Berdasarkan pengalaman saat pemilu legislatif kemarin, pilihan yang menang adalah pilihan golput. Lebih dari 30% penduduk Indonesia dalah golongan putih. Golongan  yang tidak memilih. Dengan demikian, kalau kita cerna sebetulnya bisa jadi partai Democrat yang dibina dan diketuai oleh petahana penguasa kita menangkap suara terbanyak itu. Golput harus ada yang mewadahi. Biarkan partai-partai lain berkoalisi dan menentukan siapa yang mereka dukung. Partai democrat harus tetap netral sesuai suara terbanyak penduduk Indonesia. Seandainya partai democrat diperkenankan berkoalisi dengan golput, maka dia tidak perlu berkoalisi dengan partai lainnya untuk mencalonkan presiden.  Hanya seandainya.
Kalau saya djadi petahana penguasa, akan saya anjurkan rakyat berhenti saling ejek. Soal kuda dan keris biarlah demikian. Toh patung-patung orang yang berkuda dan berkeris adalah patung-patung orang yang sudah wafat. Menyembah patung adalah perbuatan syirik yang dosanya tidak diampuni oleh Tuhan. Soal keturunan Cina, petahana sudah menghapuskan kata Cina dan menggantinya dengan Tiongkok. Di Indonesia tidak ada lagi Cina, yang ada adalah Tionghoa yang diakui sebagi warga negara Indonesia, dari Tiongkok lah leluhur mereka berasal. Tak ubahnya Habib yang berasal dari Arab dan Indo yang berasal dari Eropa, semuanya warga negara Indonesia. Asalkan bisa membuktikan bahwa dia warga negara Indonesia sejak lahir dan terbukti tidak pernah menjadi warga negara lain, maka boleh menjadi presiden. Biar pun pernah tinggal di yordania atau di solo, sama-sama tidak pengaruh terhadap pencalonannya. Mau naik kuda dengan keris atau naik mobil karoseri anak-anak SMK, sama-sama tidak diatur oleh konstitusi kita. Seandainya Abrahah naik gajah pun, aturan pencalonan presiden kita tak mempersoalkannya.

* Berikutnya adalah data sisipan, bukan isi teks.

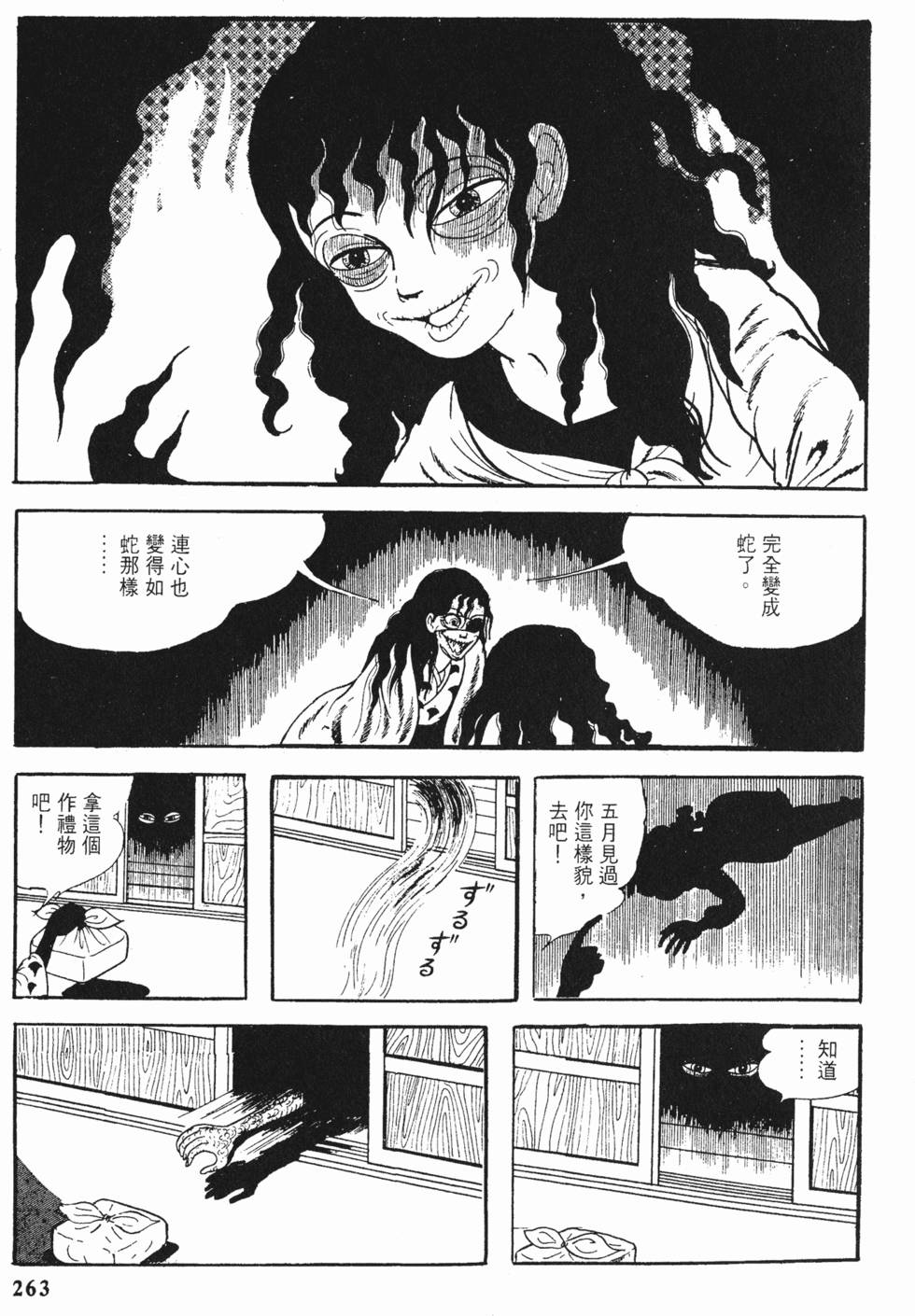 第260页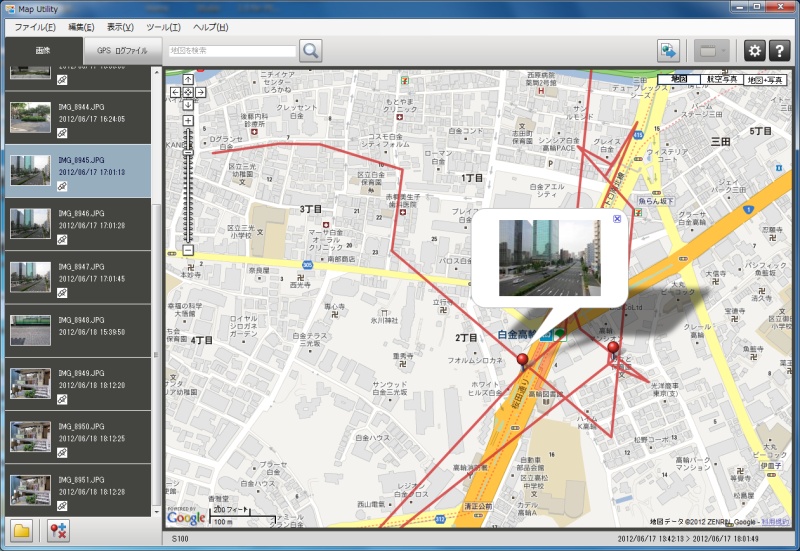 <b>Map Utilityで位置と移動ルートを表示。地図データはGoogle マップベース</b>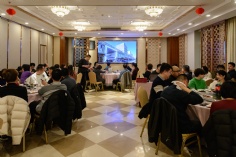 活动 2025.1.24 集团2025迎新晚会 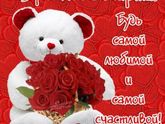 Девочки с 8 Марта!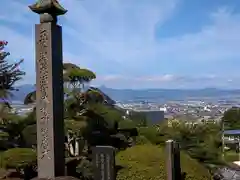 耕源寺(山形県)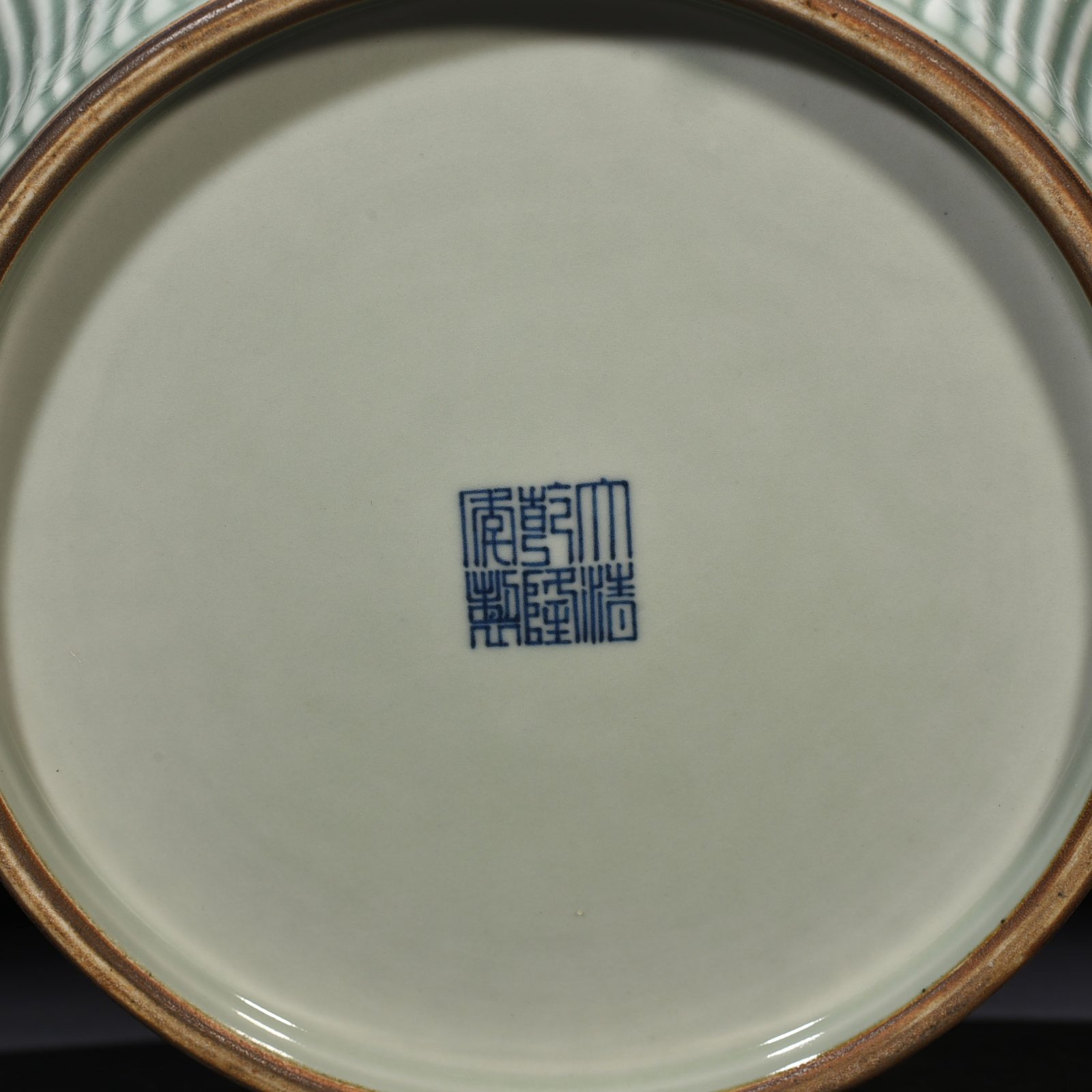 Qing Dynasty Qianlong pink and green glaze with chrysanthemum petals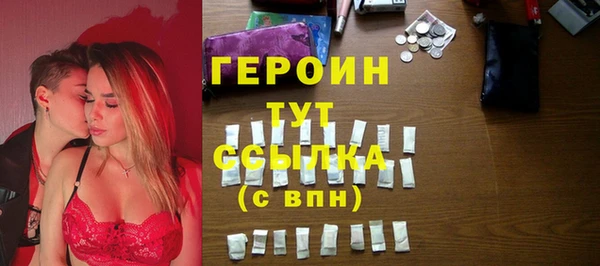 трава Алексеевка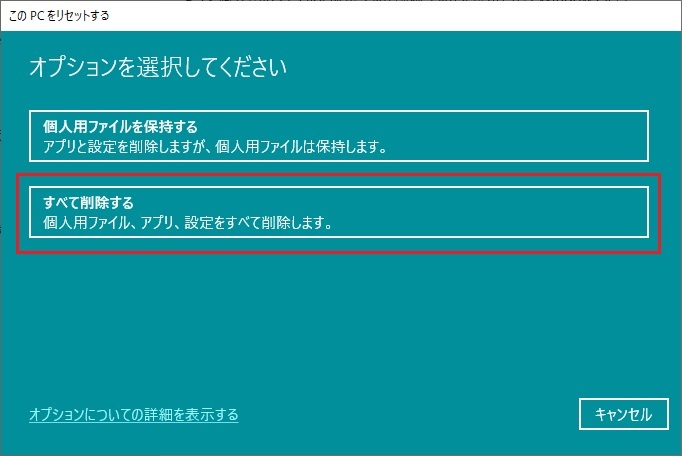 「すべてを削除する」を選択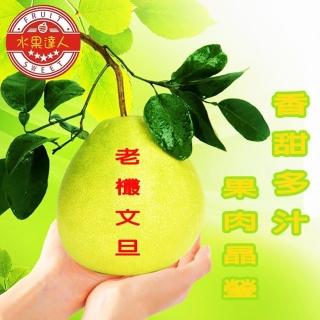 【水果達人】35年老欉超級嫩多汁麻豆文旦禮盒(5斤X4盒)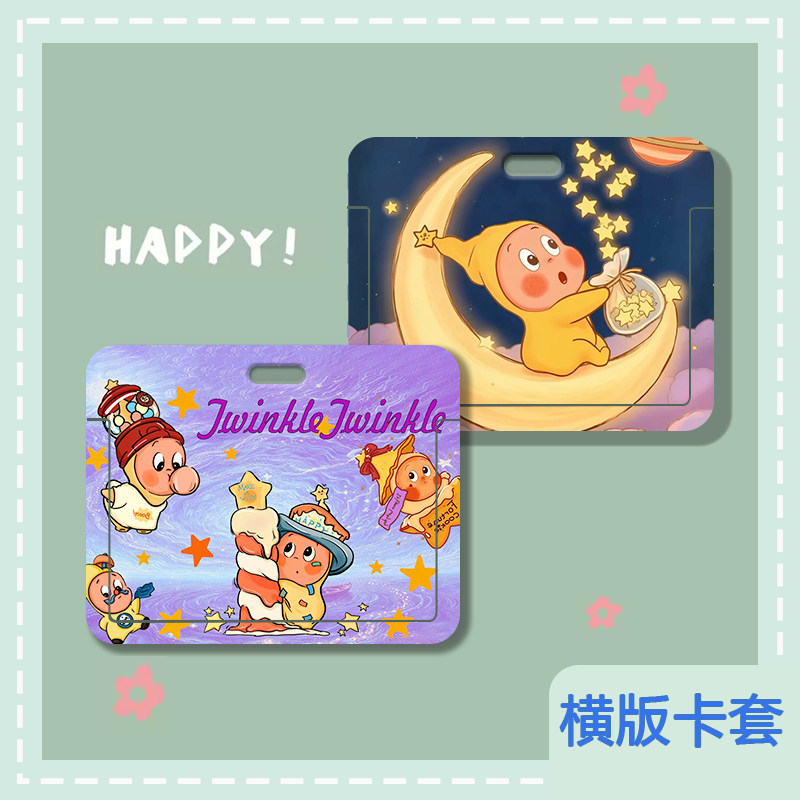 黄色星星人横版卡套工作证挂牌吊牌校牌伸缩八达通银行卡护士胸牌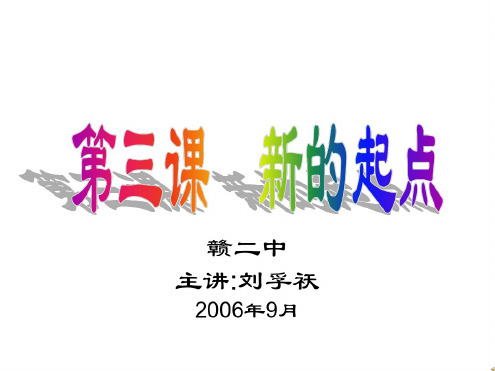 七年级政治新的起点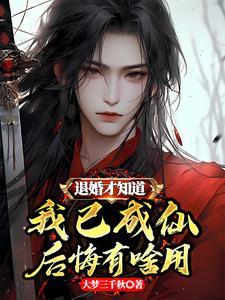 尖峰音乐秀主持人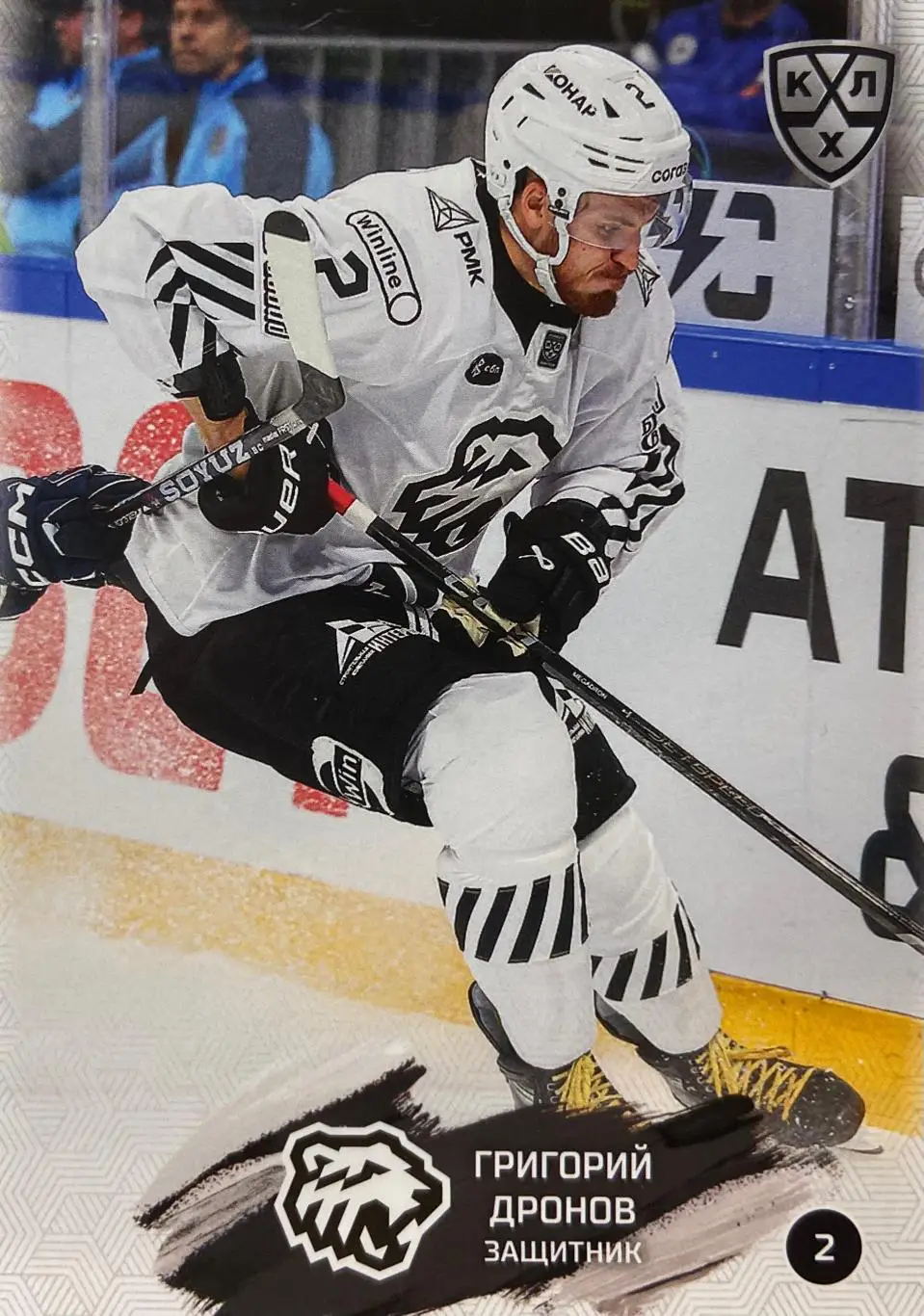 Хоккей. Карточка Григорий Дронов Трактор Челябинск КХЛ сезон 2024/25 SeReal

Kenapa tidak dipersoalkan?. Tanyalah kepada para kontestan pemilu.
Soal polemic ibu negara, kalau saya menempatkan diri sebagi petahana penguasa Indonesia sekarang saya akan bilang  begini:
“tidak ada ibu negara atau ada ibu negara yang kalem andap asor, semuanya baik. Saya sudah membuktikan bahwa bila orang yang mendampingi saya kemana-mana saat kunjungan banyak tingkah, hanya menyebabkan foto saya, anak, dan cucu-cucu saya yang tidak berdosa terpampang di instagram. Perlu saudara sekalian ketahui, kecanduan media social seperti instagram tidak bisa dihentikan. Ada beberapa, bahkan sering rakyat saya menyindir keberadaan instagram. Tetapi ini lah alam demokrasi. Saya hanya prihatin dengan keburukan media social. Yang mampu menghentikan kecanduan media social hanyalah menteri kominfo”
Kemudian kalimat tersebut sebagai petahana akan saya sambung.
“saya memilih menyerahkan pilihan kepada rakyat. Bagaimana pun suara seorang rakyat dapat berpengaruh terhadap masa depan bangsa ini. Saya memilih netral, partai saya dalah partai netral. Pak Danhal yang ikut konvensi partai saya, saya persilahkan mendukung Dik Joko, begitu pun simpatisan partai saya yang lain, saya bebabaskan untuk memilih. Dengan netralnya partai saya, maka InsyaAllah tidak ada lagi media pemerintah yang berpihak pada calon tertentu sebagaimana amanat undang-undang”
Sebagai pendiri partai, netral dapat menjadi cara agar dapat berkonsentrasi pada pembersihan nama baik partai. Mencuci bekas makan selama sepuluh tahun membutuhkan waktu bertahun-tahun pula. Sebagai petahana, member contoh dengan membersihkan partai terlebih dahulu adalah tindakan yang sesuai dengan pepatah guru bangsa. Ing ngarso sung tuladha. Mengakomodir suara terbanyak merupakan bagian dari ing madya mangun karsa dan mengikuti kodrat yang diamanatkan undang-undang adalah laku yang bisa dianggap setara dengan tut wuri handayani. Sebagai petahana, sebaiknya tidak ikut larut dalam perebutan kekuasaan sebaliknya memimpin sebagaimana biasanya dan meninggalkan dasar yang baik bagi penerusnya. Menawrakan diri menjadi penegah antara Vietnam dan Tiongkok salah satunya. Menjadi netral dapat lebih focus pada pekerjaan sebagai petahana. Urusan partai dapat dilakukan selama lima tahun mendatang.
Dengan demikian, alasan kenetralan dapat diterima untuk membuat rakyat adem ayem, mencegah pertumpahan darah, menghormati prinsip demokrasi, mengakomodir suara terbanyak, mencegah semua bentuk penyelewengan yang dilakukan partai penguasa, dan membersihkan partai. Sebagai rakyat, kita harus jalan terus dan bersatu. Kita harus berkarya dengan hal yang lebih bermanfaat bukan hanya untuk menjatuhkan lawan dan gaya semata. Hip,hip?huraa!!hip,hip?huraaa!!.
Langkah petahana kita akan dikenang disuatu masa ketika rakyat benar-benar jenuh dengan perebutan kekuasaan. Akan ada stiker bergambar petahana kita dengan tulisan “piye kabare bro?luwih penak netral tho?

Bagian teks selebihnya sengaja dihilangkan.